"The Soul Queen of New Orleans" is what they call Irma Thomas, and after listening to her newly reissued In Between Tears, I can certainly see why. The album was initially released in 1973 on the homegrown Fungus Records label, so it has remained well under the radar for the past 40 years. As part of what is turning out to be a remarkable reissue program, Alive Records have just re-released In Between Tears. The record has been fully remastered, and two bonus tracks have been added. It is one of the finest examples of early '70s soul I have ever heard.
The opening track is "In Between Tears," and it is a literal blast of horns, courtesy of "The Swamp Dogg Band." Swamp Dogg, a.k.a. Jerry Williams Jr. and his band are all over this album, and it is clear that they were one of the most underrated R&B outfits of the day. This is very much Ms. Thomas' record though. Her powerful vocals reflect a woman who knows exactly what she is doing.
It is no surprise that Irma Thomas grew up in the church, for many of the best tracks have something of a gospel feel. This is most noticeable on "You're The Dog (I Do The Barking Myself)." This track is also graced by the presence of Duane Allman. Apparently Allman just happened to be hanging out at the Capricorn Studios at the time, which worked out well for everybody. His guitar playing is most noticeable during the fadeout. To be honest, there are no real fireworks, but his performance on the album's centerpiece is a very different story.
The twelve-and-a-half minute medley "Coming From Behind" (Monologue)/ "Wish Someone Would Care" is amazing. Thomas takes a cue from Issac Hayes' classic "By The Time I Get To Phoenix" in the lengthy monologue "Coming From Behind," and shows us that she is nobody's fool. "I'm in love, but I'm miserable," she states at one point, and Lord help the man who made her feel that way.

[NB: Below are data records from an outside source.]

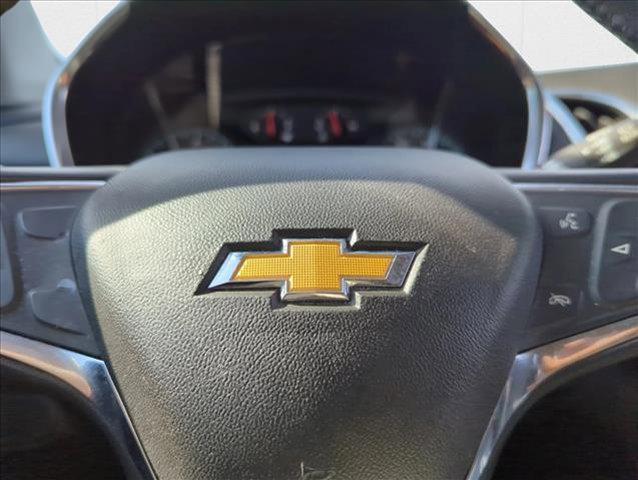 used 2018 Chevrolet Equinox car, priced at $15,922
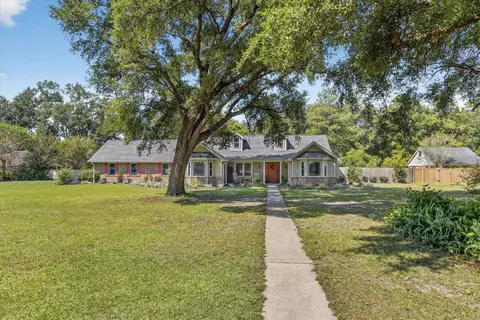 1908 Vineland Ln, Tallahassee, FL 32317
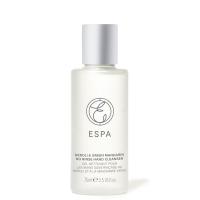 ESPA Essentials Geranium and Petitgrain Hand Sanitiser 75ml (Travel)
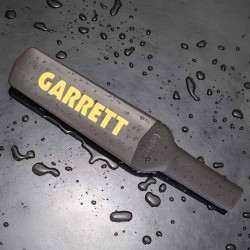Détecteur Garrett Guide étanche IP65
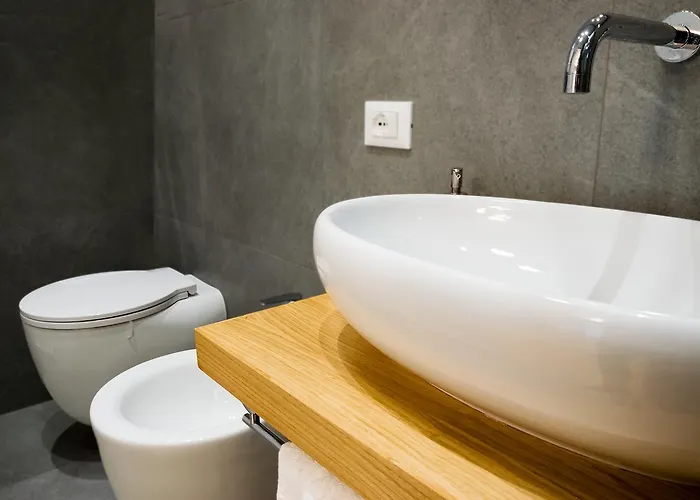 Kalamonjo Suite&rooms 4* 팔레르모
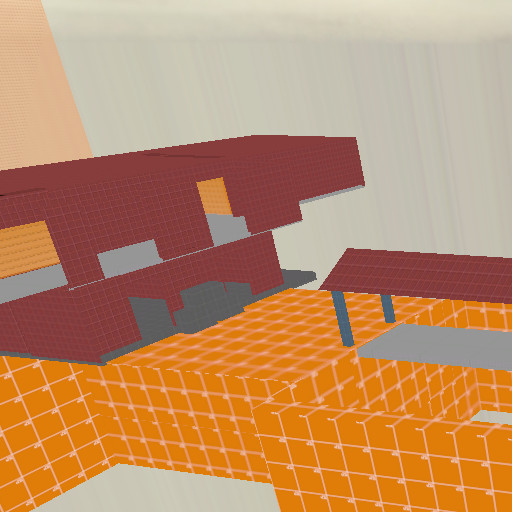 ctf_myfort for tf2 screenshot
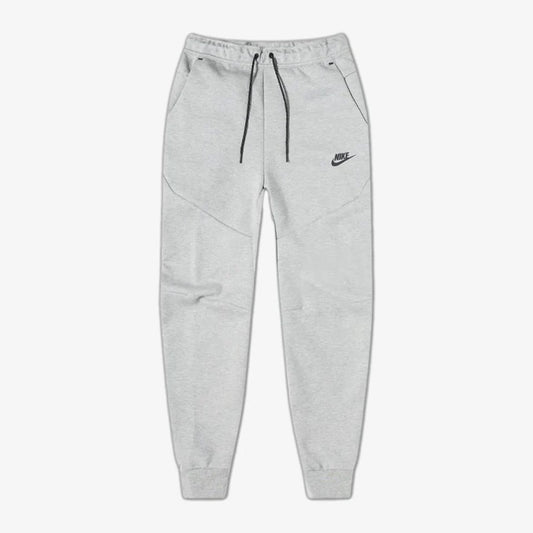 NIKE GREY TECH FLEECE JOGGER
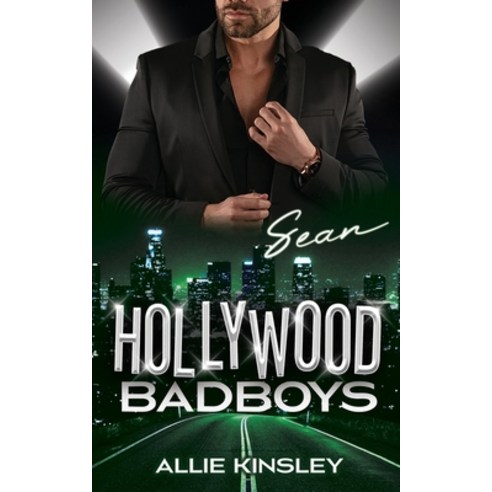 (영문도서) Hollywood Badboys: Sean Paperback, Independently Published, English, 9798368256115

This is no purring kitten, nor is she hardened and angry. No, she is a real lady, unlucky in love, but willing to work to make it work. To hear such brutal honesty on a record is a compelling factor to be sure, but the quality of the conviction in her voice is something else again.
Thomas wrote "Wish Someone Would Care," which is the song that the monologue leads in to. She really lets loose here, and Allman's contributions are the perfect compliment to her voice. The gospel-tinged "Turn My World Around" closed out the original LP, and once again the horns of The Swamp Dogg Band shine brightly.
The two bonus tracks are fine examples of early '70s soul as well. "We Won't Be In Your Way Anymore" and "I'll Do It All Over You" were the A and B sides of a stand-alone single. They serve as great additions to the set.
When Alive reissued the first two Swamp Dogg albums a couple of months ago, I was impressed. Those were records that I had heard a lot about, but had never had the chance to actually hear. It seemed like a really cool find for them, and I really did not expect anything more. With the release of In Between Tears I am seeing a much bigger picture. There was some serious music going on in the original Dogg's scene, and it was not just confined to his own recordings. The quality of the musicianship behind Irma here reminds me of the amazing house band at Stax, which is high praise. I sure hope there are more gems like this just waiting for our discovery. For now though, In Between Tears will do very nicely indeed.